INFORMATION PROVIDED
..............................

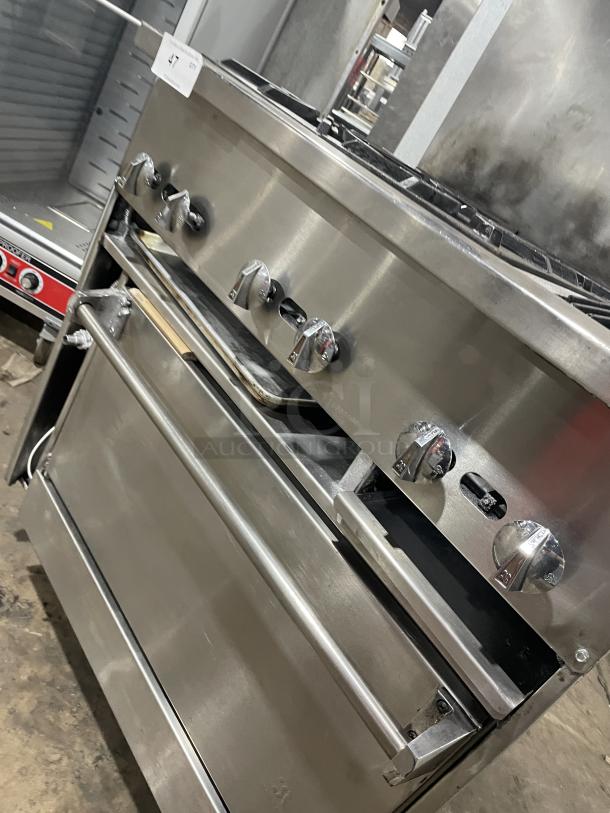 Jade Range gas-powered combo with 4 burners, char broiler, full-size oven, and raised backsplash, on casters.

..............................

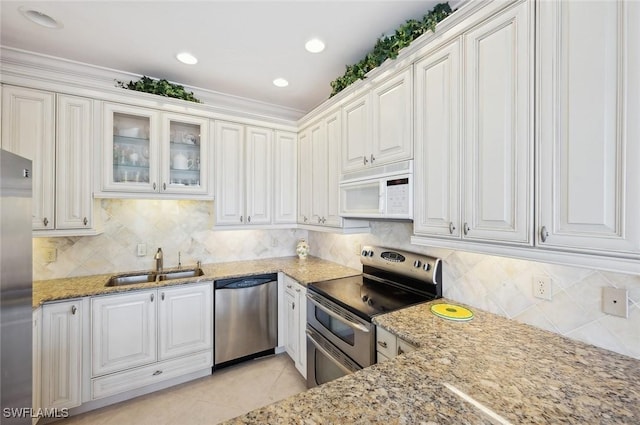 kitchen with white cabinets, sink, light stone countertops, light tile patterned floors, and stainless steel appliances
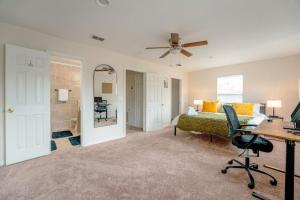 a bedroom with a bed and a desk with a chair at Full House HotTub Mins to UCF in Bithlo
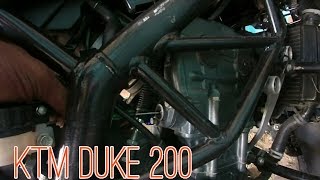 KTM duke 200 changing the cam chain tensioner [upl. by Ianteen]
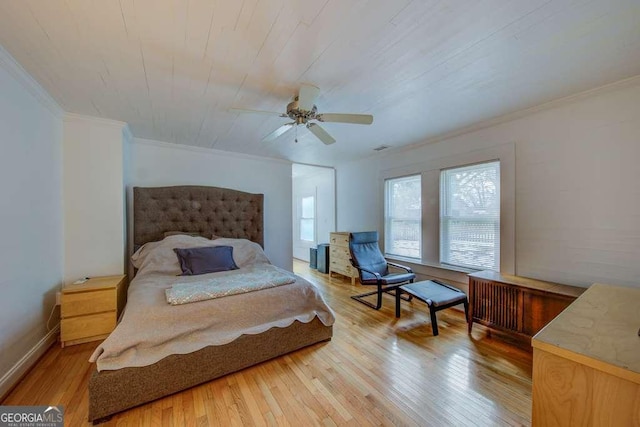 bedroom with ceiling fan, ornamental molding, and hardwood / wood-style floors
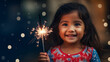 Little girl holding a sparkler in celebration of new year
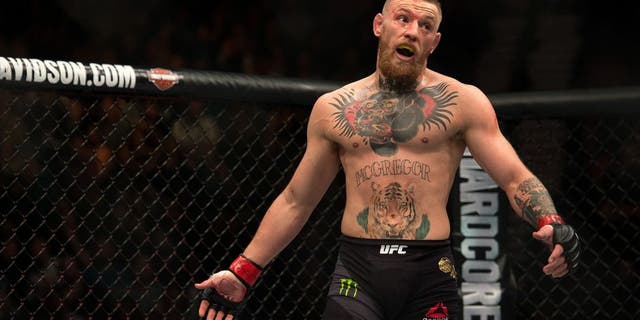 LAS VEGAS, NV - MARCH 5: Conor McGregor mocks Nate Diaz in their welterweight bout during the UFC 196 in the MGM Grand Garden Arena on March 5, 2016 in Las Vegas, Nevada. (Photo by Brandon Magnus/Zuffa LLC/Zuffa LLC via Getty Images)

..............................

WORK INSTRUCTIONS
Reproduce the data above exactly, but only from the line containing "kitchen with white" through the line containing "LAS VEGAS, NV". Omit all pictures.

RESULT FOR THIS EXERCISE
 kitchen with white cabinets, sink, light stone countertops, light tile patterned floors, and stainless steel appliances
 a bedroom with a bed and a desk with a chair at Full House HotTub Mins to UCF in Bithlo
 KTM duke 200 changing the cam chain tensioner [upl. by Ianteen]
 bedroom with ceiling fan, ornamental molding, and hardwood / wood-style floors
 Little girl holding a sparkler in celebration of new year
 LAS VEGAS, NV - MARCH 5: Conor McGregor mocks Nate Diaz in their welterweight bout during the UFC 196 in the MGM Grand Garden Arena on March 5, 2016 in Las Vegas, Nevada. (Photo by Brandon Magnus/Zuffa LLC/Zuffa LLC via Getty Images)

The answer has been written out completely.